The jokey-jokey documentary format doesn’t quite fit here. You get glimpses of the Vegas you feel he wants to convey – an art school graduate rediscovering his aesthete roots by brushing his fingertips lovingly along the chrome of a Maltese island bus; a panel show punchline who finally wants to be taken seriously – but then he does something just really calamitously stupid such as getting drunk and buying a bus online without checking whether it’s in Europe or not, and it’s back to square one. Following Vegas as he attempts to live out his glamping fantasy is incredibly frustrating: he’s a reality-adverse romantic, easily distracted and allergic to responsibility. It doesn’t bode well for project management.

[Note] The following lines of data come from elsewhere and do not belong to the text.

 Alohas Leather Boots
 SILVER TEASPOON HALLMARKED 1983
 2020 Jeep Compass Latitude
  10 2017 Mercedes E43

Around him are a swarm of people who treat Vegas with the gentle support you might give a disruptive eight-year-old. We are introduced to his “long-suffering assistant, Bev”, whom you might recognise from Vegas’s appearances on Gogglebox. Clearly Channel 4 producers find their on-screen patter more charming than I do, seeing as it’s like watching two strangers make small talk in the queue for a semi-embarrassing prescription collection.

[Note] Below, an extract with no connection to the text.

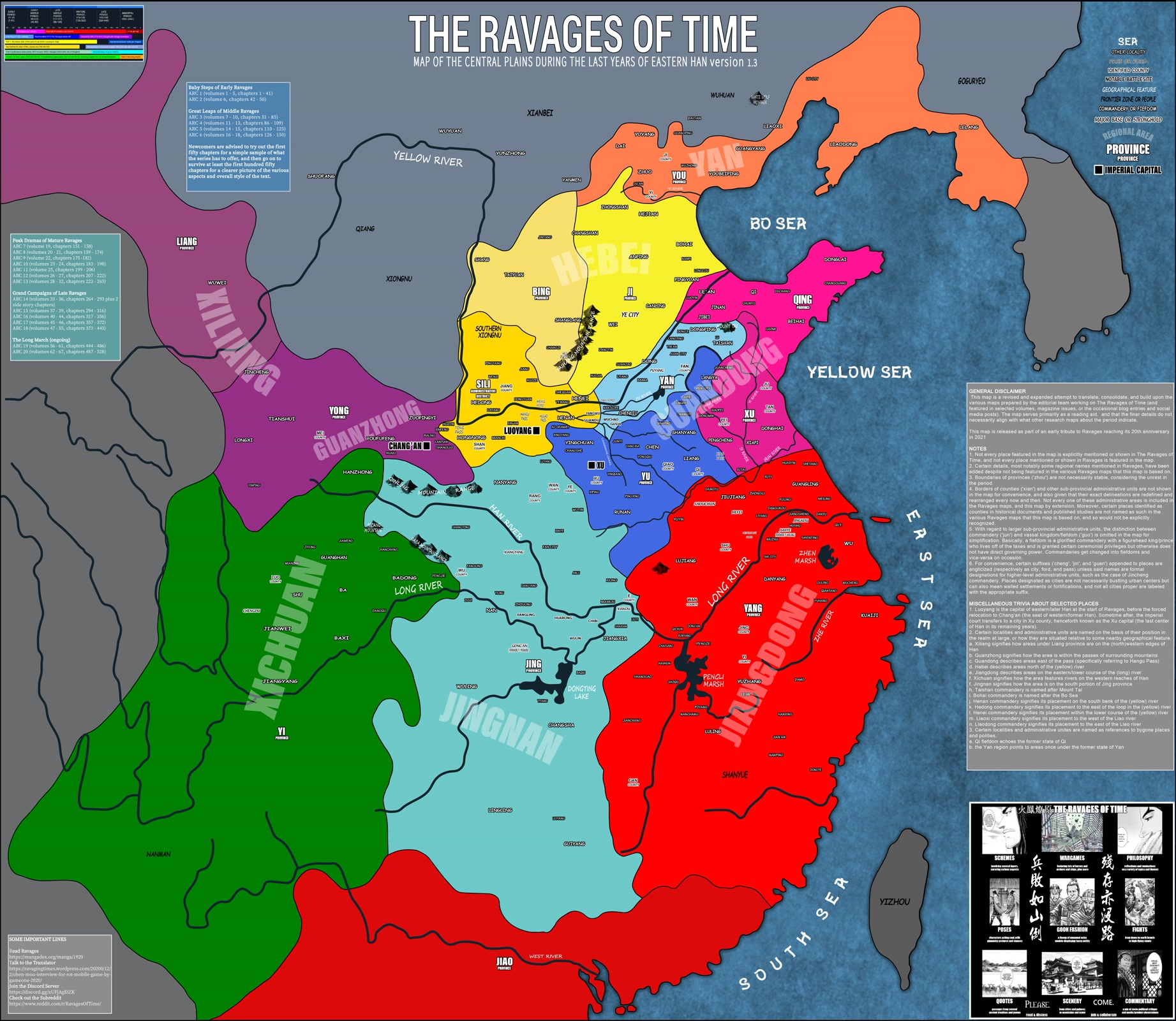 The Ravages of Time Chapter 573 page 23 - Chapter 573: Benevolent Yet Cowardly Ruler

“I’m really looking forward to proving every one of them wrong,” Vegas says early on in the show after his grand glamping concept is met with underwhelm by his family and friends, and you feel like that’s when the camera people should have stopped rolling, pulled him to one side, and quietly asked whether spending the next two years buying buses and dragging them to Wales was really going to solve any of his problems. Still, they didn’t, and now we have these four episodes to show for it. Maybe you’ll half-enjoy the repeat of it on a hangover in 2025.